公卿を招いて宴会をしています。三日連続の宴会です🍺

11/29
五日目の産養です🍻!
「今夜の事、我、奉仕す」と、あるので、この日は道長が幹事だったようです。

12/2
七日目の産養……🥂
この日の幹事は、一条天皇。天皇も幹事するんや……
この後、産養の記述は12/4まで続きます。

12/9
「皇子が、初めて産衣を着た。」
「"胞衣(えな)"を、産屋の東に埋める。」
"胞衣"って、胎盤のことですよね。何かのオマジナイかな?
てか、出産から2週間経ってるので、"胞衣"腐ってない?(^_^;)


と、まぁこんな感じです。

前回は、第二皇子 敦成親王の出産の話しを中心に、今回は第三皇子 敦良親王の出産の話しをが中心でした。
娘の彰子の三人目の出産で、道長は、天皇の外祖父の地位を、盤石なものとしました。




古写本 寛弘六年巻

古写本12巻の内の1巻。
道長の孫 師実(もろざね)の書写によるもの。

11/19〜12/2まで1mほどを、展示していました。
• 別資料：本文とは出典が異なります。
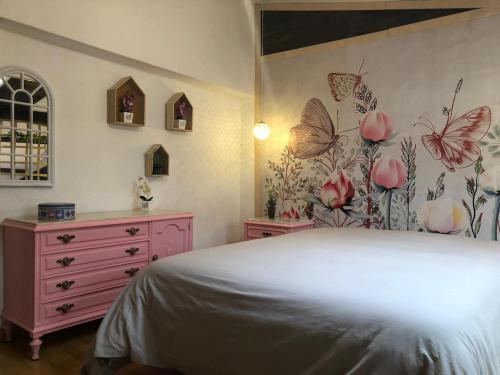 サント・ドミンゴ・デ・ラ・カルサーダにあるLa casita de mi abuelaのベッドルーム1室(ベッド1台付)、壁に蝶が飾られたドレッサーが備わります。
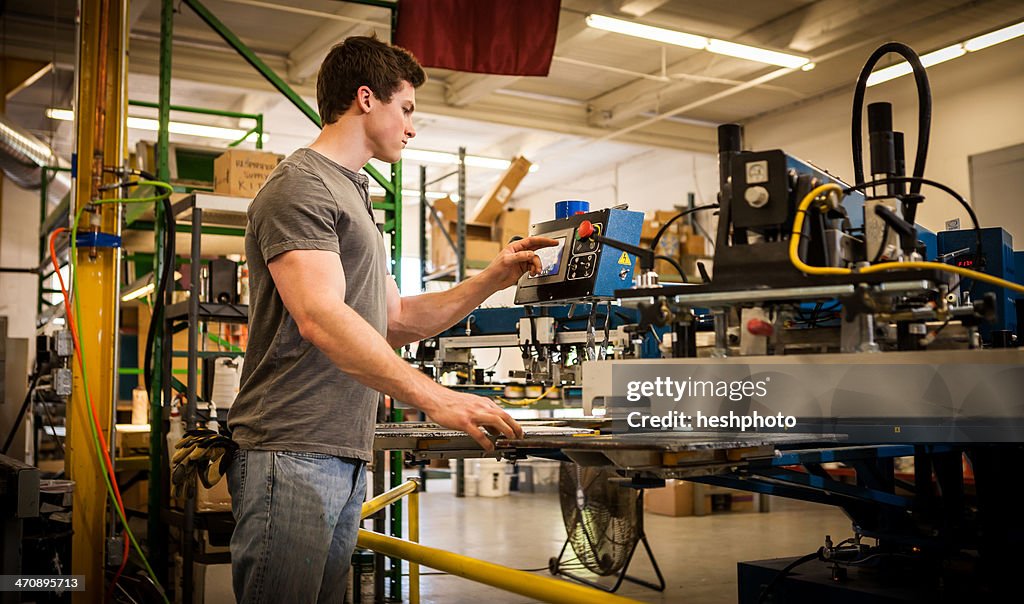 Worker Operating Machinery In Factory High-Res Stock Photo - Getty Images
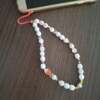Glow Charm Telefoonhanger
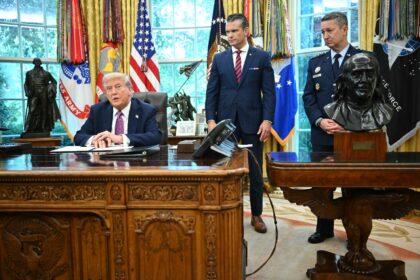 US President Donald Trump (L) speaks to reporters as Secretary of Defense Pete Hegseth (C)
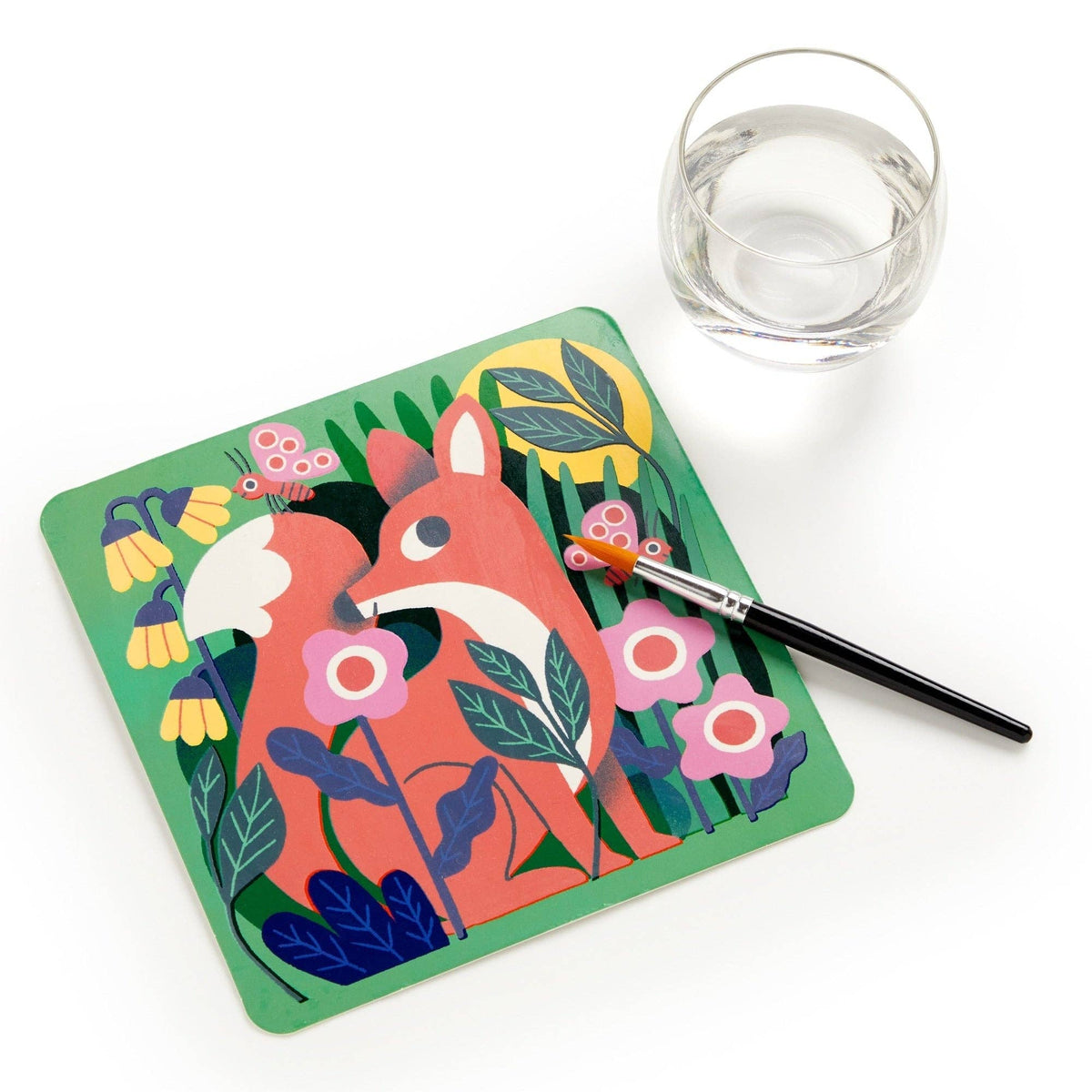 Coloring book with a fox design, pen, and glass of water on a white background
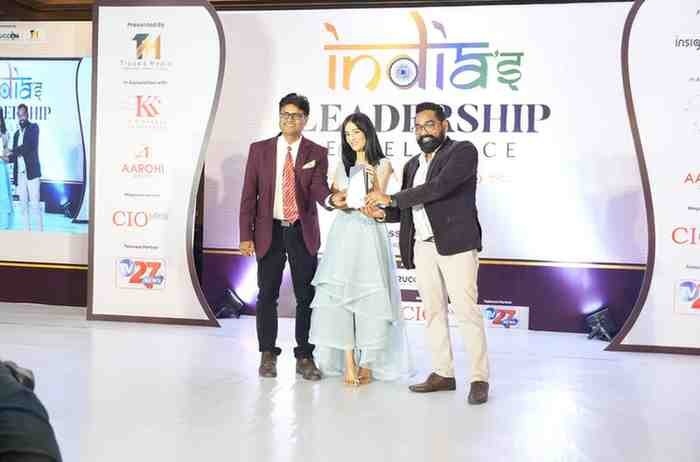 “The owners of CallerDesk receive the award for Best Cloud Telephony Platform at the India Leadership Excellence event. Two male founders stand on stage alongside a female presenter, holding the trophy together in front of the event backdrop.”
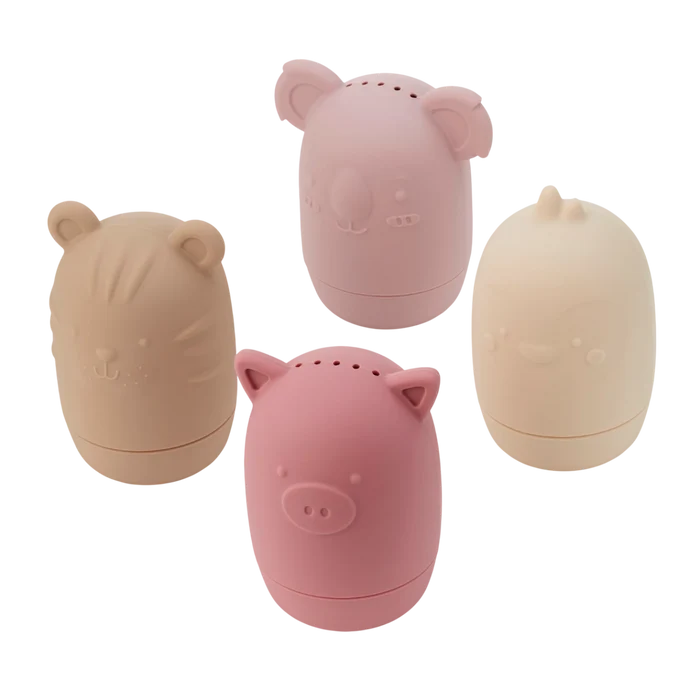 Four egg-shaped silicone bath toys in muted pink, tan, and cream shaped like a pig, koala, tiger, and chick.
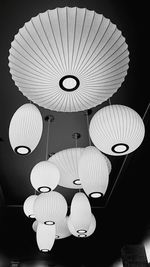 Low angle view of illuminated lanterns hanging from ceiling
道長自筆本とほぼ同じ箇所の展示です。
ちなみに孫の師実の方が、字がキレイです(^_^;)

では、内容を読んでいきましょう。

11/19
道長の四男 能信が、馬に足を踏まれ、賀茂臨時祭を辞退した。
ん〜何かマヌケ……

11/25
彰子、男子出産。
自筆本と同内容ですが、自筆本の裏書き部分もまとめています。

11/27
自筆本の脱字を修正。

同じ年の同じ箇所を展示していたので、古写本の特徴である"必要箇所をまとめて見やすくなっている事"が、実感できるような展示になっていました。

おそらく近衛家の人々も、実務的には古写本を参照し、自筆本はコレクションアイテムとして、保管していたのでしょう。